Table 1. The PRODIGY tool, for risk prediction of respiratory depression.3

Risk Factor Scoring Criteria Points Assigned
Age (years) <60 years 0
60-69 years 8
70-79 years 12
≥80 years 16
Sex Male 8
Female 0
History of Opioid Use Opioid Naïve 3
Previous Opioid Use 0
Sleep Disordered Breathing Known Sleep Disordered Breathing 5
No Sleep Disordered Breathing 0
Chronic Heart Failure Existing Chronic Heart Failure 7
No known Chronic Heart Failure 0

Total PRODIGY Score

Sum of Points Assigned

PRODIGY Risk Level Low risk, <8 points total
Moderate risk, 8-14 points total
High risk, ≥15 points total

The PRODIGY trial supports prior evidence that episodes of respiratory depression defined by traditional thresholds are frequent and undetected.1,4 Fortunately, the number of serious adverse events was low, and this trial verifies that not every episode of desaturation or pause in breathing leads to respiratory arrest. However, the trial suggests that patients who have frequent and prolonged episodes have both worse physiologic and health economic outcomes.5 In fact, patients with monitor-detected episodes had nearly twice the risk of adverse outcomes in the present study. More importantly, expert analysis of the trends of the oximetry and capnography tracings were predictive of patients developing subsequent respiratory distress. These data will form the basis for developing deep learning algorithms from which monitors can more accurately predict patients developing serious OIRD, discarding traditional threshold-based alarms, which contribute to alarm fatigue.
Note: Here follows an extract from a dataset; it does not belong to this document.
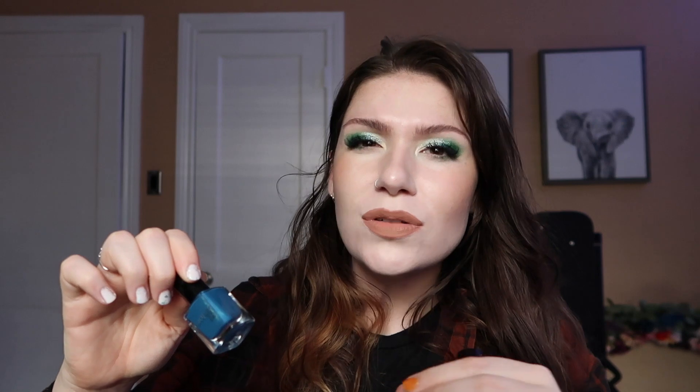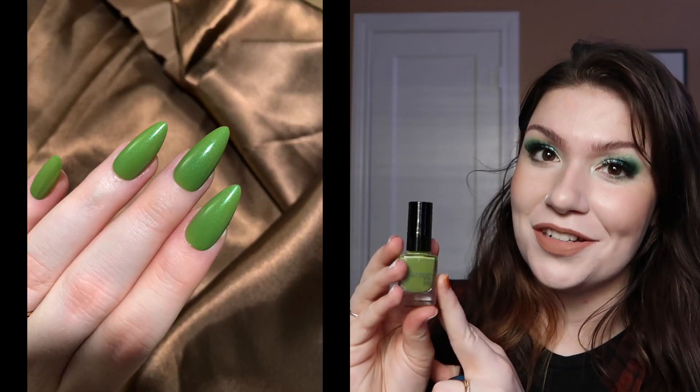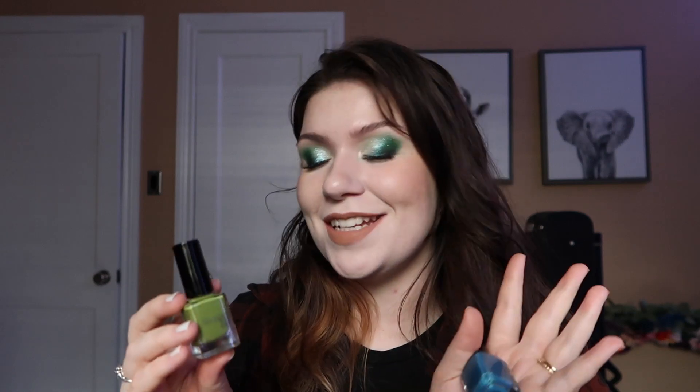Next up in the collection, we kind of have a little duo within the line. These are both twinkling finishes. We have this blue called Clean the Ocean — this is just a really nice, almost teal-leaning blue, kind of a mid-tone blue, and it has a green to gold twinkle in there. And then we have this green, kind of a grassy green, with a blue twinkle mixed in. I really like that these are kind of the opposite, the inverse of each other. I think both of these colors are just beautiful. This one's called Plant a Tree, and I've really been loving it for a couple of weeks now behind the scenes. I think this one might be my favorite out of the collection — I'm not sure. I really like both of these. I love the twinkling finish, and I hope you enjoy them as well. Obviously one to represent water, one to represent land.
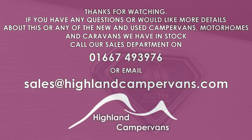That concludes the handover for the AutoSleeper Warwick. We sincerely hope this van is going to give you lots of miles and lots of smiles. On behalf of Highland Campervans, thank you very much for watching the video — if you do need to get hold of us just pick up the phone or drop us an email. Thank you.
Although the bias of being enrolled in a continuous monitoring trial may have contributed to a low number of serious adverse respiratory events, we firmly believe PRODIGY advances the current evidence that continuous surveillance monitoring detects more cardiorespiratory perturbations and may be associated with better clinical outcomes compared with traditional intermittent spot check monitoring.4,6 Outcomes will be critically dependent on the intervention or ‘efferent’ arm, in that appropriate and timely interventions to correct deviations of vitals from the norm will be essential to see a real patient centric benefit.

The next obvious step would be to externally validate this score on an independent cohort, the lack of which was a major limitation of the trial. This would need a robust continuous monitoring data set of floor patients, something that we currently lack, but hopefully will generate once monitoring practices change on hospital wards. Because data collection systems were blinded and alarms silenced, at least a fifth of the collected data was artifactual, though the independent clinical adjudication committee was able to separate these from true episodes. Despite the stated limitations, implementation of the PRODIGY score has significant potential to improve patient safety. While hospitals may not have resources to continuously monitor all patients, clinicians can use the PRODIGY score to evaluate a patient’s risk for respiratory depression, at minimum monitor those at highest risk, and proactively and appropriately intervene at the earliest deviation of vital signs patterns from the physiological norm.

PRODIGY Infographic

Supplemental Information (From Medtronic®):

  • PRODIGY Talking Points: A summary of the study methods, results, and conclusions
  • PRODIGY Risk Assessment Tool: Scoring system stratifying risk of respiratory depression based on risk factors such as age, sex, opioid use, sleep disordered breathing and heart failure.
  • PRODIGY Fact Sheet: Data and facts behind scoring system, methodology and study design
  • PRODIGY FAQ: Frequently asked questions about PRODIGY (PRediction of Opioid-induced respiratory Depression In patients monitored by capnoGraphY)

 

From the 1Department of Anesthesiology, Section on Critical Care Medicine, Wake Forest School of Medicine, Winston-Salem, North Carolina and Outcomes Research Consortium, Cleveland, Ohio; 2Department of Anesthesiology, Perioperative and Pain Medicine, Brigham and Women’s Hospital, Boston, Massachusetts; and 3Trident Anesthesia Group, LLC, Charleston, South Carolina.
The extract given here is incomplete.